The task:
Your task is to retype, exactly and without pictures, the line holding "ELI【云杉】天丝混纺春夏双门禁休闲宽松上衣纯色衬衫长袖衬衣男" and each line that follows it to the end of the entries.

Data provided:
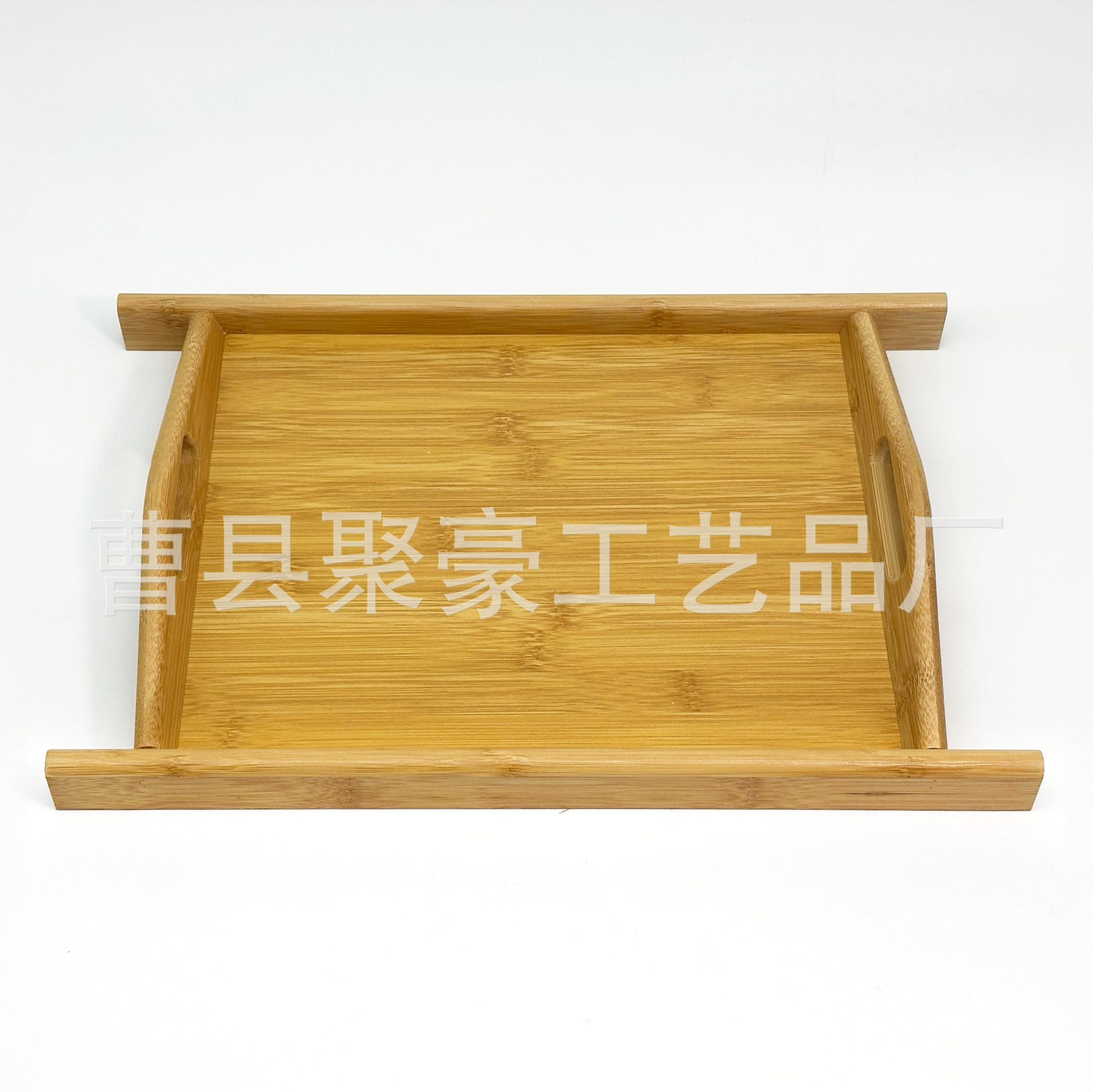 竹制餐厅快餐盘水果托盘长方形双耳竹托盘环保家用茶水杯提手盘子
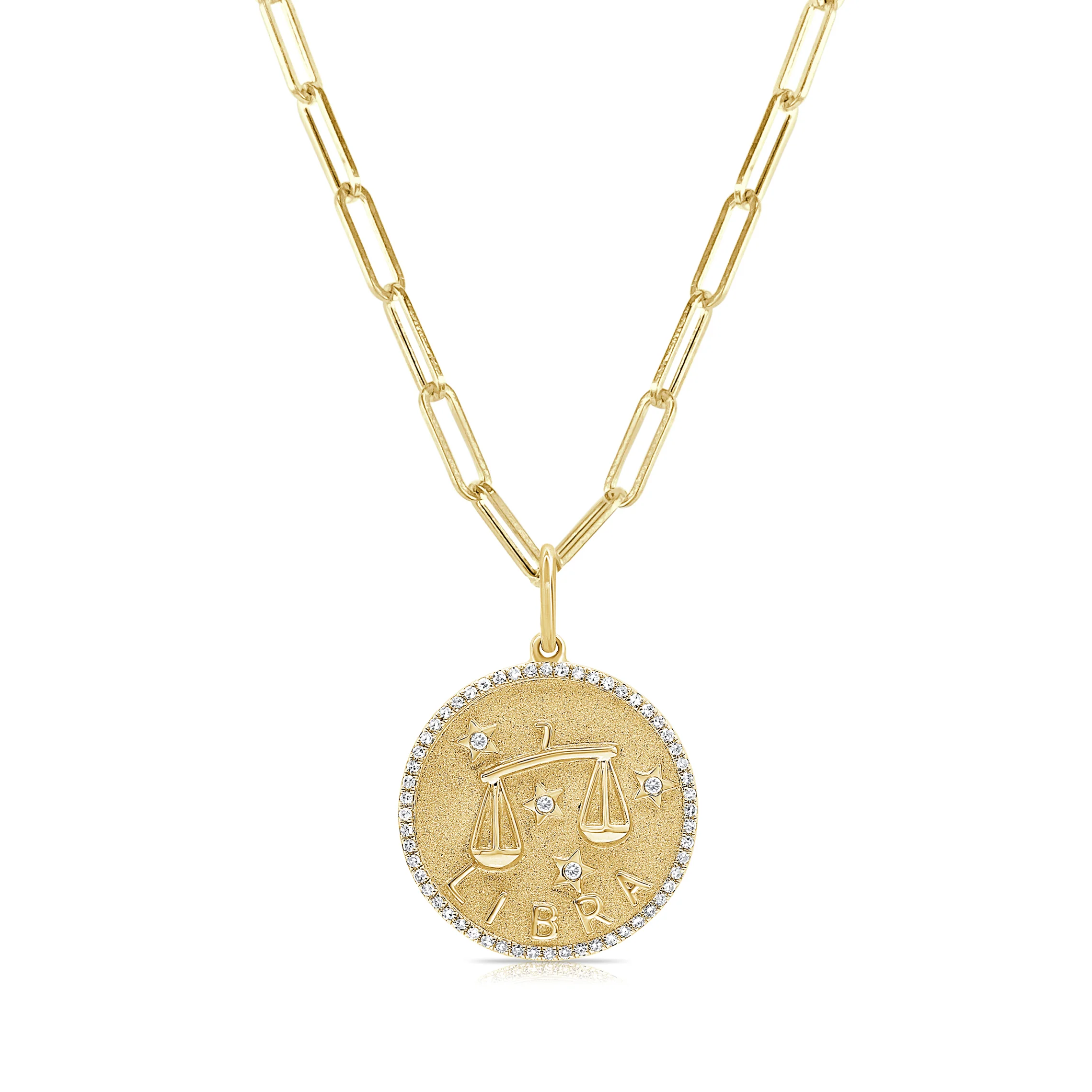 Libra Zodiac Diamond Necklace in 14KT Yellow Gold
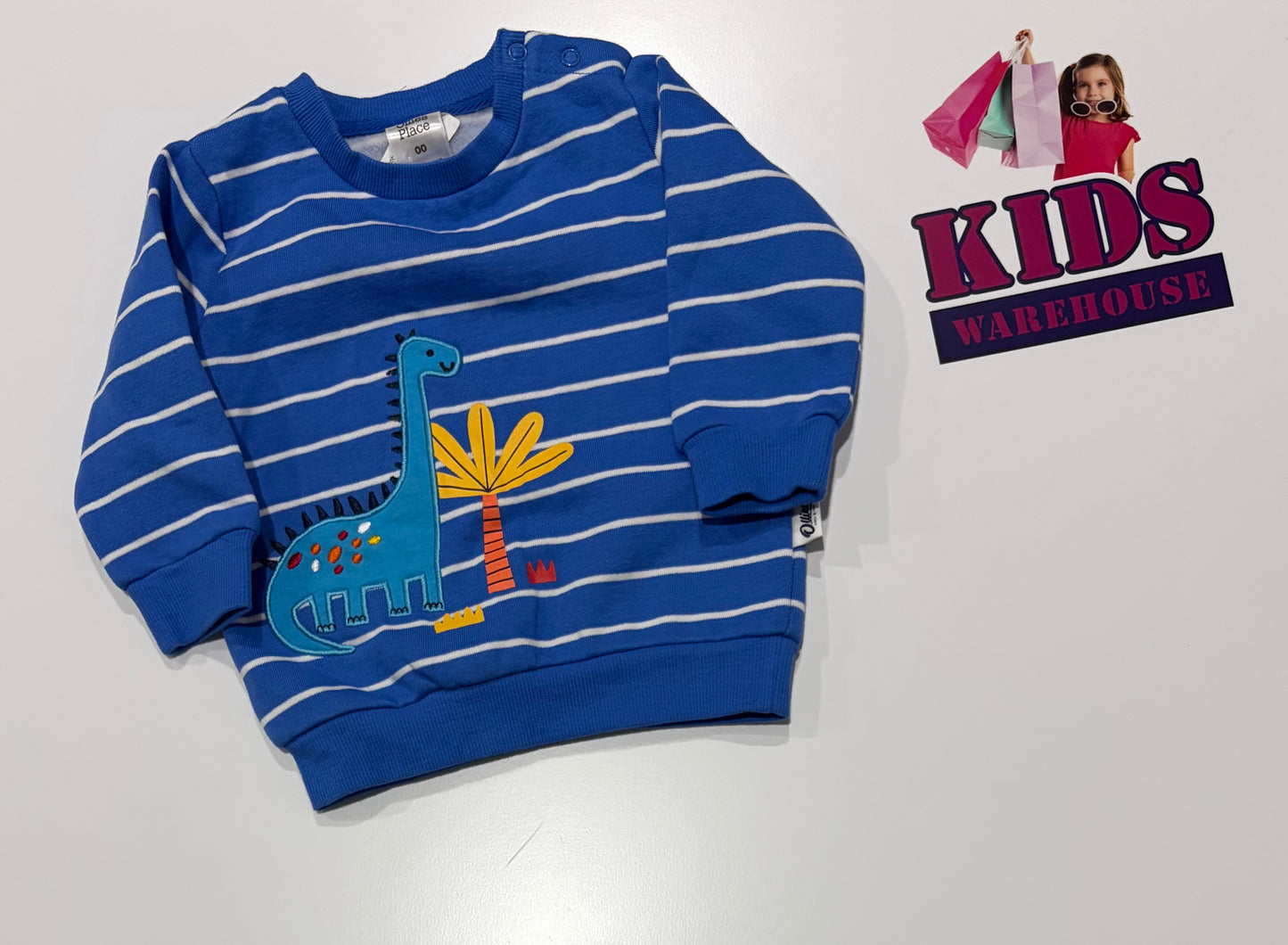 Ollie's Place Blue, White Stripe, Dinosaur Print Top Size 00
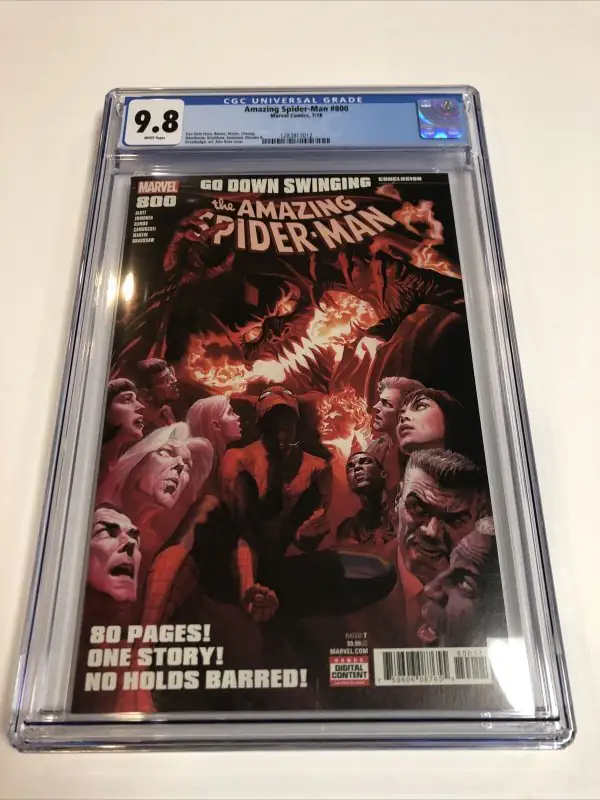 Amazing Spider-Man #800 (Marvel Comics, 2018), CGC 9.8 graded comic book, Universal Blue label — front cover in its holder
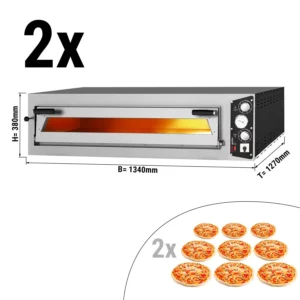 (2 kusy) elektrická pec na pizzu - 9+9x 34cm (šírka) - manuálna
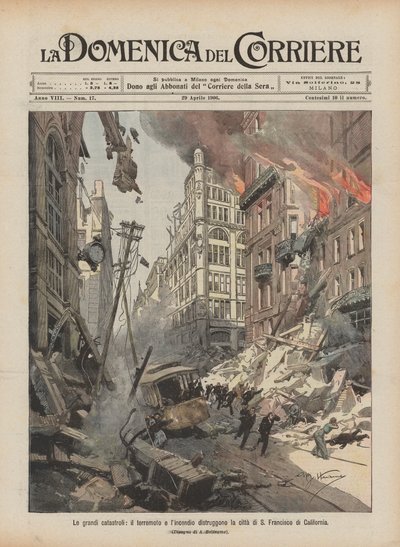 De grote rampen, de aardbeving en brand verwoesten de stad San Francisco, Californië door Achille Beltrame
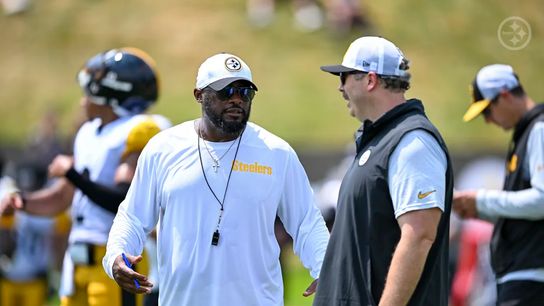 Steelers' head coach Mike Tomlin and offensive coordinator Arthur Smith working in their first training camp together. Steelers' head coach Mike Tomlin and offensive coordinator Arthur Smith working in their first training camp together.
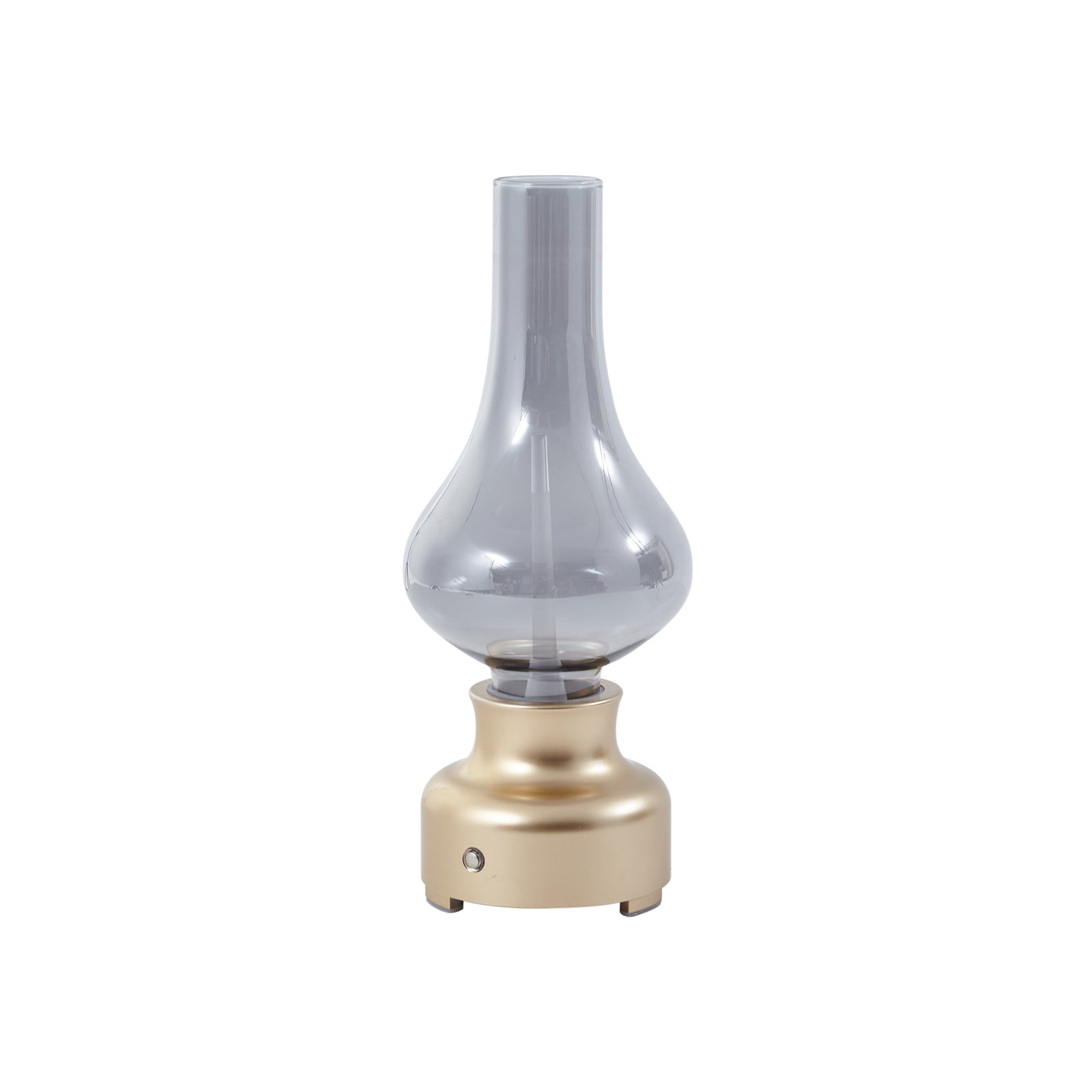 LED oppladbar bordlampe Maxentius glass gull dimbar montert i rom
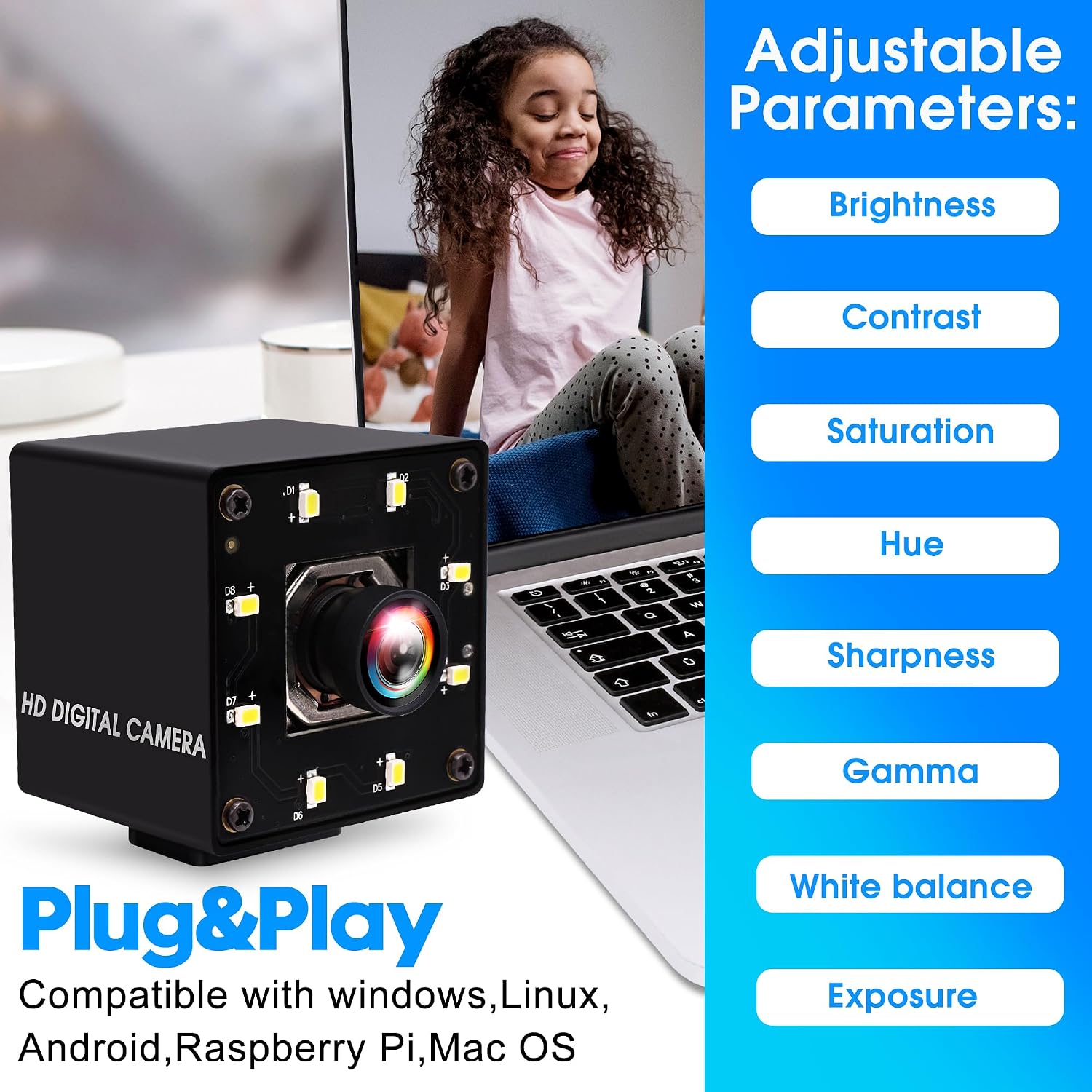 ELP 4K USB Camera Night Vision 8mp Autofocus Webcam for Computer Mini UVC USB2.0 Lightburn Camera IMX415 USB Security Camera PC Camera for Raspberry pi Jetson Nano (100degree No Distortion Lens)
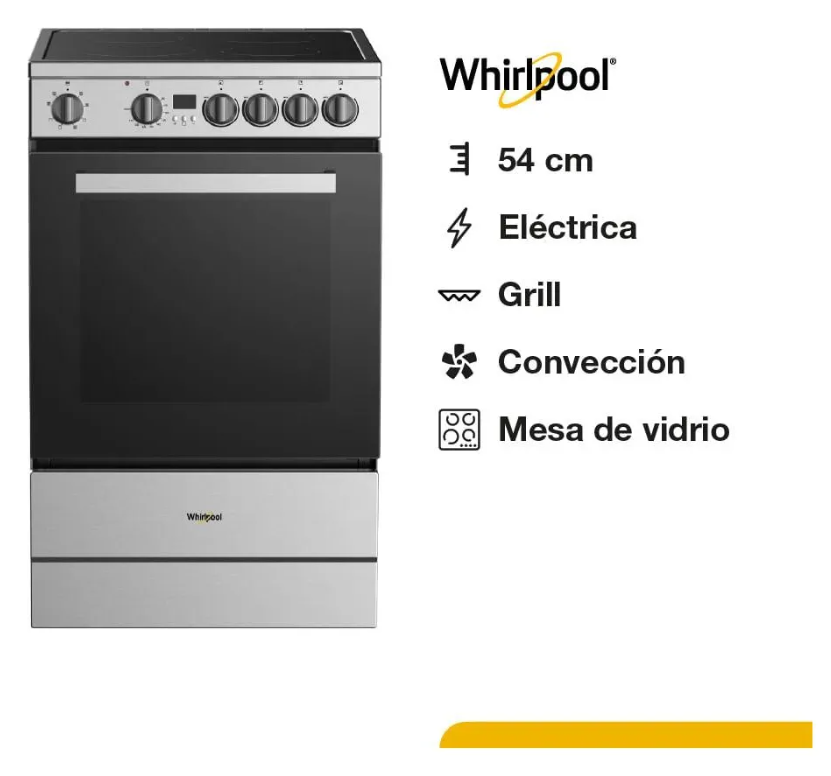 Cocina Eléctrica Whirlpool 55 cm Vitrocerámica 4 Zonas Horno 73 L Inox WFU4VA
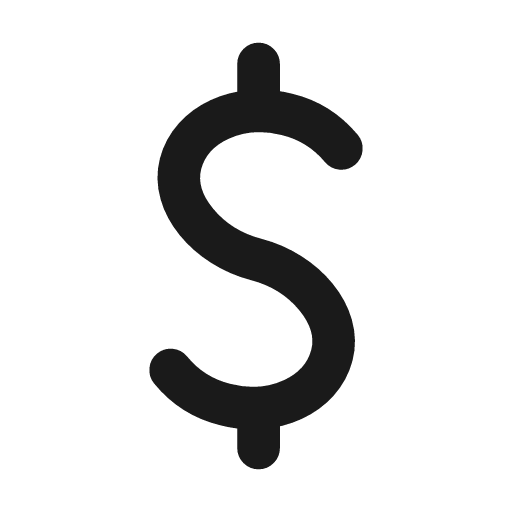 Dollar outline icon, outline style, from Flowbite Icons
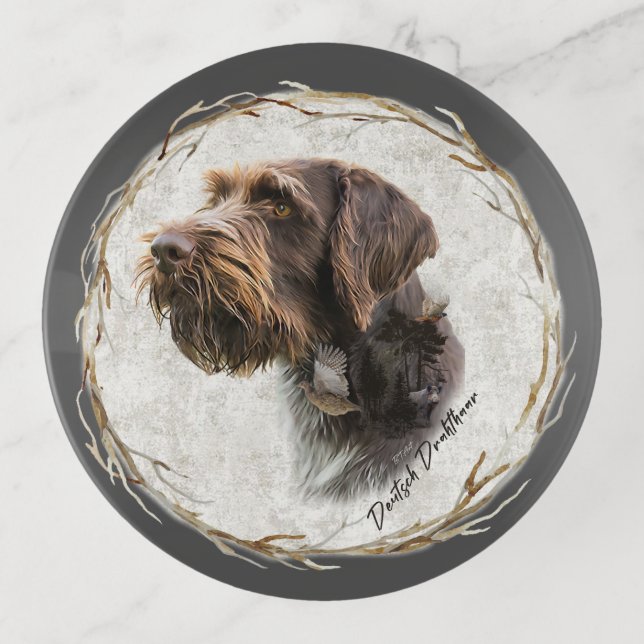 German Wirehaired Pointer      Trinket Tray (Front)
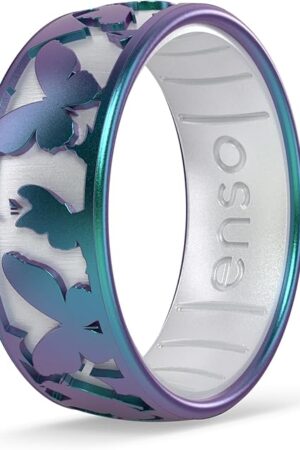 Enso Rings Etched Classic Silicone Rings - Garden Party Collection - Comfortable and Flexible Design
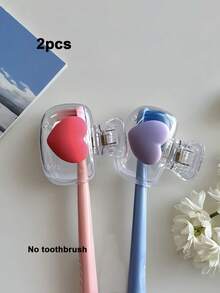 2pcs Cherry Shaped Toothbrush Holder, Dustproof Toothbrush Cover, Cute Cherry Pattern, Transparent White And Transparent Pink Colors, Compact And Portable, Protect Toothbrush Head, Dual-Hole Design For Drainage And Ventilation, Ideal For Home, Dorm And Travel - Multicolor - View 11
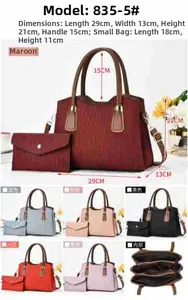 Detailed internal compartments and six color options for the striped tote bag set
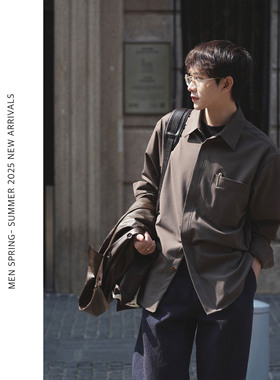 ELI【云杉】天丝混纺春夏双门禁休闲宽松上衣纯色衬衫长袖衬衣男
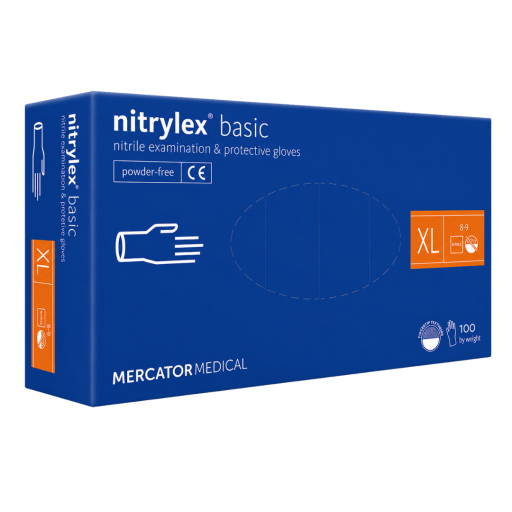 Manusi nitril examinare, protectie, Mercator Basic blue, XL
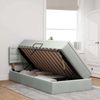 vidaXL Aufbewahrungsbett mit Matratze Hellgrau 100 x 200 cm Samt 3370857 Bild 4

Answer to this task:
 ELI【云杉】天丝混纺春夏双门禁休闲宽松上衣纯色衬衫长袖衬衣男
 Manusi nitril examinare, protectie, Mercator Basic blue, XL
 vidaXL Aufbewahrungsbett mit Matratze Hellgrau 100 x 200 cm Samt 3370857 Bild 4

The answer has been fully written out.